If you have been following along here on A Family Tapestry, you know I’m a fanatic of Telling the Story. Well, I go beyond just that. I actually collect every example I can find of others who have gotten past the thought of it, and actually put pen to paper—or fingers to keyboard—and put in visible form the narrative hiding behind the research notes. If you are reading here, and are one of those people who actually have accomplished that objective, I have likely bought your book. (Unless, of course, your name is Colleen Brown Pasquale—but I promise, Colleen, your book is on my Christmas wish list!)
My purpose in delving into this sort of collection so deeply is that I want to examine how each author has chosen to unwind the yarn of her life—how to tell that story in a way that is meaningful, even to strangers. I’m not engaging in this study merely for altruistic reasons, of course. My hope is that I will someday do the same: publish a book of our family’s stories. I certainly have plenty of material to do so: everything from the World War II fallout in the life of my father-in-law, Frank Stevens, to the life-changing tragedy that robbed Samuel Bean of both his sight and hearing.

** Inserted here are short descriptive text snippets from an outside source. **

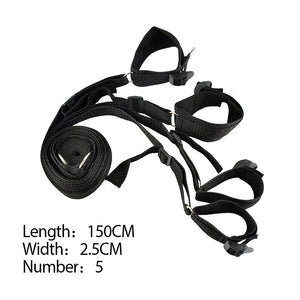 Urway Bed Bondage Restraint Set Sex-1973193731171553282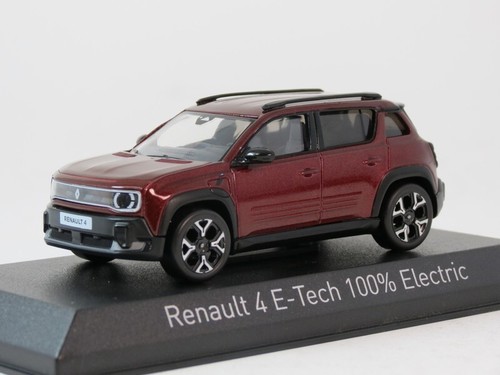 Norev renault tech - norev, 4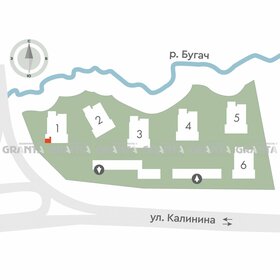 Снять посуточно квартиру на улице Патриотов в Кемерове - изображение 2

Everything eventually came together to see that very same author become our speaker at this week’s Society meeting. We were treated to an artistically-crafted presentation on how Deborah Conner Mascot came to write the Mariani family’s history as pioneer settlers in the city of San Francisco, and how the author’s own family story eventually intertwined with that of the Marianis—including one Mariani descendant whose hundredth birthday was commemorated by the launching of this book.
With poignant memories infused in everything from the recipes tucked away in the book’s pages to childhood photographs of family visits, Vera’s Chicken Wings and Peas blends the universe of a well-to-do San Francisco family with the homespun life of a different family living on the Marianis' summer-hideaway ranch in the south peninsula Portola Valley. If you are like me, and enjoy seeing how others craft the stories they tell about their family history, you will enjoy seeing life through the eyes of author Debbie Mascot in her latest book. Better yet, if you live in the Bay Area and belong to a genealogical society there, don’t miss the chance to have Debbie share her story live with your group!
I am always touched to see the result of turning the struggles and victories of near-anonymous family members into stories that can be shared and passed down through the generations. We all can be “biographers of insignificant lives.” No matter how small, those lives—of our own family members—are full of hard lessons to be learned, wry observations on the nature of life, even humorous self-reflection. Sometimes, those lives bump up against history and may even share their own fleeting fifteen minutes of fame. But no one will remember those tales unless we take the time to preserve what we’ve learned and transform it into something that can be passed along to future generations.
I’m grateful for all the examples of other people like you and me who have accomplished exactly that. And Debbie Mascot’s book can proudly take her place among the others in achieving that goal—both for the Mariani family, and for her own.